How Do We Like Him Now?

I don’t like a couple of my doctors. One is a stuffed shirt and the other a martinet, but based on their education, training, and experience I trust their judgment.  They probably don’t like me either, but I don’t owe them money, so it’s a win for both of us.

I am surprised when people risk their wellbeing and select those who serve them based on likability as opposed to qualifications. Yet, isn’t this exactly what happened during the 2016 election? When did we reach the point in our culture where we valued likability over capability?

Likability was the focus during the 1952 election, with “I Like Ike” campaign slogan. Unlike our current Republican leader, Ike took a firm stand against mob rule, risking his favorable likability rating.

Likability wasn’t a factor until Hillary Clinton ran against you know who. Voters chose a snake oil salesman, with no qualifications to lead anything but organized crime, over a woman who was eminently qualified to be president, because they didn’t like her.

The 2016 election results were further proof of Russian influence via the Vladimir Lenin quote, “Show me who your friends are, and I’ll tell you what you are.” Fox and Friends and Trump and friends reinforce this adage. The past three years of revolving door appointments and subsequent resignations are the result of choosing spin over substance.

Maybe next time we will consider someone who has demonstrated a capacity for caring and compassion over the recommendation of a two-bit street preacher.

Maybe next time there is an election logic will prevail. There’s not much that’s positive about likability these days.

Maybe Dogs Don’t Like Trump Either

Am I the only person who wonders why the current occupant of the oval office doesn’t have a dog? This is an American tradition.

Many of the past presidents had dogs. The Obama’s had Bo, Bush 2 Barney and Bush 1 Millie. Who can forget LBJ’s beagles? Even that nasty Nixon, had Checkers (the dog died before Nixon became President and was spared any association with Watergate.) The Kennedys dog, Pushinka was a gift from Premier Khrushchev.

We have some clues about what Trump may have given Putin, but why did Putin not follow the tradition of Premier Khrushchev and present the Donald with a dog?

The other curious thing is nothing is ever written about Trump enjoying quality time with his near and dear. (Given his history, there may be a good reason for not publicizing those he considers near and dear.)

Maybe his family doesn’t like him either. Could it be he is the male counterpart of “Mommy Dearest” or perhaps the Trump dynasty is more like the “Running with Scissors” family.

Aside from photos of him and a stony-faced Melania with clenched jaw and angry eyes, there is no hint of any sort of connection. You never read about Kennedy-type picnics and touch football games or photo ops like Obama with his girls at a bookstore.

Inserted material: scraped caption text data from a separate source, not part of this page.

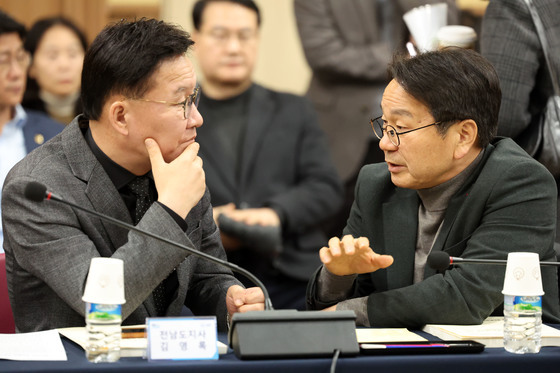 간담회 전 대화 나누는 강위원 추진단장과 강기정 광주시장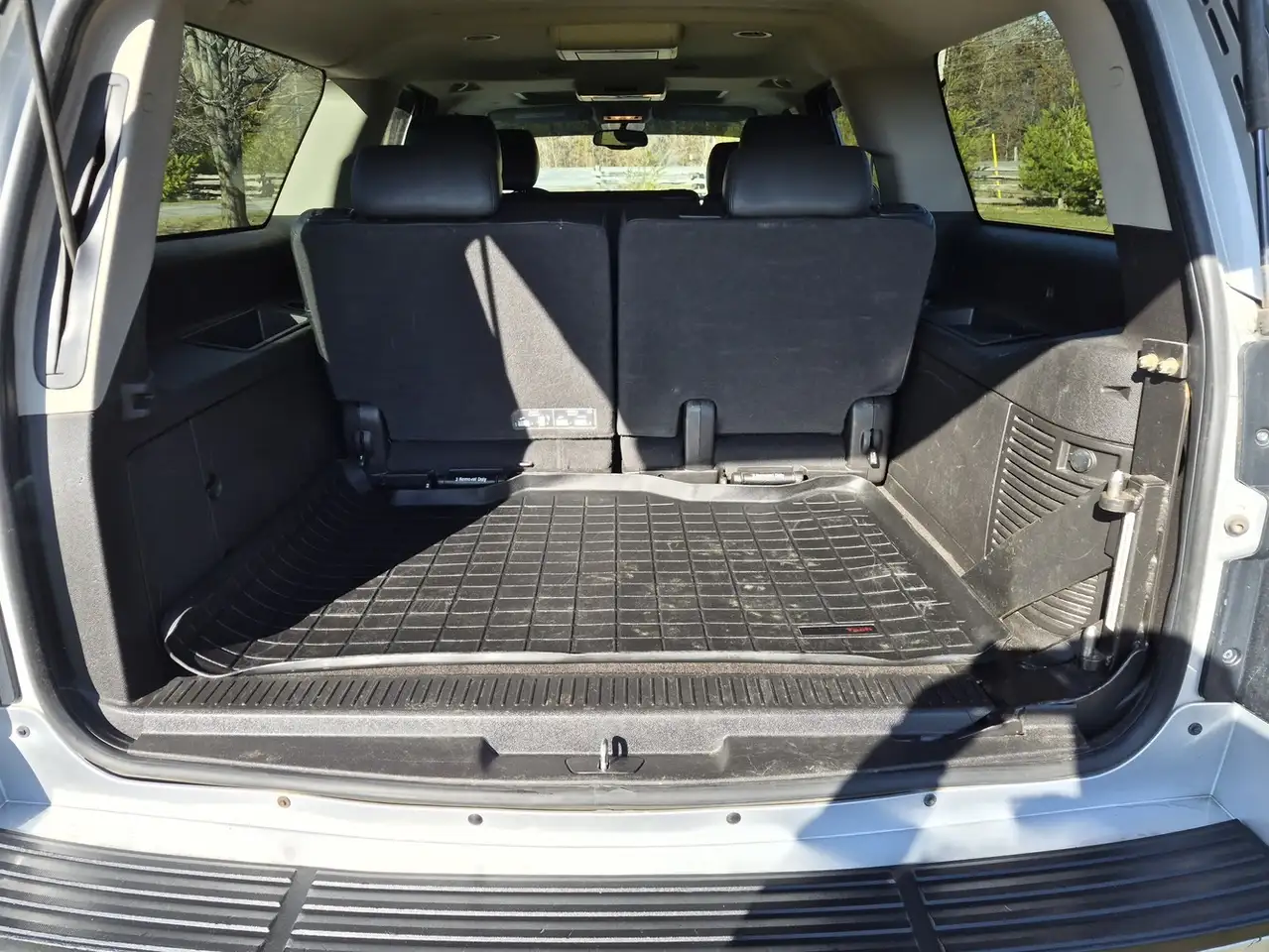 Chevrolet Suburban снимка Chevrolet Suburban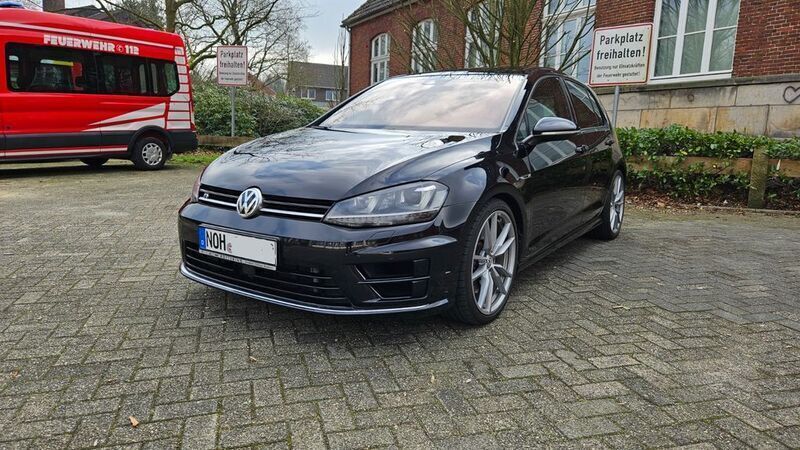 Schwarz Gebraucht 2014 VW Golf VII R Limousine | 18.950 € (Etwas zu teuer) - Bild 1/4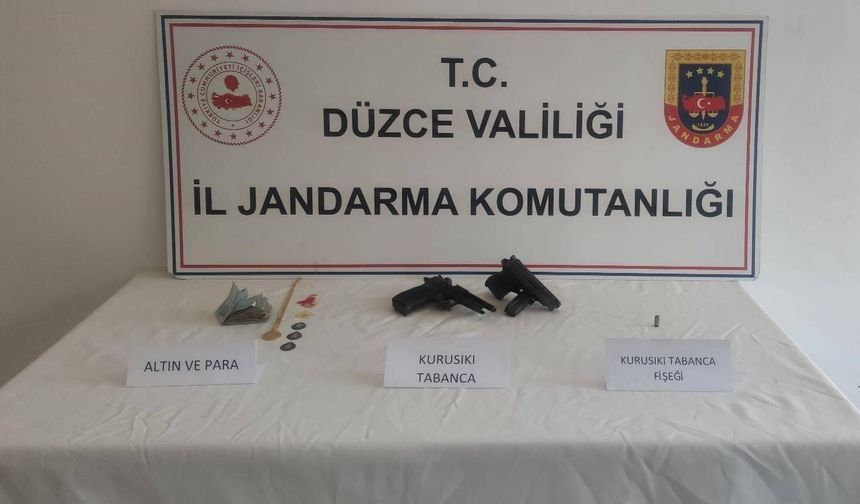 Aynı yöntemle evleri soyan 3 hırsız yakalandı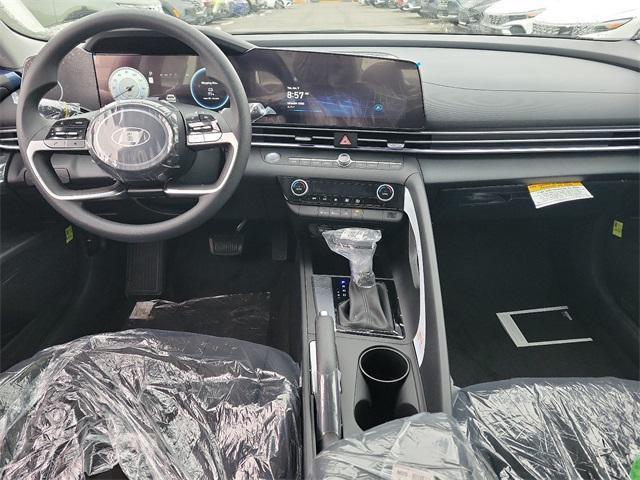 new 2025 Hyundai Elantra car, priced at $23,458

Trump does not have a dog. One cannot say with any degree of certainty that Trump doesn’t like dogs; I’m betting it is more like dogs don’t like him.

If you want to know the true character of an individual, put a dog in the room with that person. Dogs have higher standards than many humans and refuse to have anything to do with flawed individuals. There is no greater endorsement of personal character than the devotion of a dog.

The Democrats should invite a dog to their house hearings of the Trump crime family. I’ll bet their stonewalling shenanigans would stop in a hurry.

You can’t stonewall a dog.

Note: For a different take on current events. Check it out.

Could Thelma and Louise Run Our Country?

If you ask most people, they would say personality traits and interests are the ties that cement relationships. I believe it’s the opposite.

I’d be bored to death if I had to spend time with someone who is just like me. I have proof of my theory.

One of my most cherished buds is nothing like me; and as far as I can tell she enjoys my company.

She is the voice of reason and measured responses.

In my case, the filter on my mouth comes loose and takes off on its own.

She has a Master’s degree but doesn’t flaunt it.

I have some college; am a lifelong smart aleck and occasionally embarrass myself.

We enjoy the same books and some of the same movies. She is a romantic with a bent toward nostalgia. I prefer HBO— off the wall drama. Nostalgia rarely visits me.

She is a social whirling dervish. I can be happy at home for days on end.

I’ve come to believe she is the angel that sits on my shoulder and I am the devil that occupies real estate on hers.

Most people would never suspect that my devil tugs on her ear at times. On rare occasions, her angel holds her nose and performs a quick fly-over to me.

Someone referred to us as Thelma and Louise. They nailed it—that’s us.   I’m Louise. My bud is nowhere as meek as Thelma. So far, as I know, she has never visited a bar.

I haven’t visited a bar recently, but if I did; and if she happened to tag along and some man tried to assault her, I wouldn’t kill him, but I’d make sure he wished he was dead.

I’m too much of a coward to drive off a cliff and my friend would never agree to that. We might consider putting the assailant in the car and letting him take a ride off a cliff, but I don’t think we’d follow through.  For all our differences the thing my friend and I have in common is a similar value system; caring and compassion.

The current division in our country isn’t as much about our differences as it is about the trickle-down, low-down, break-down of values demonstrated by the current occupant of the white house.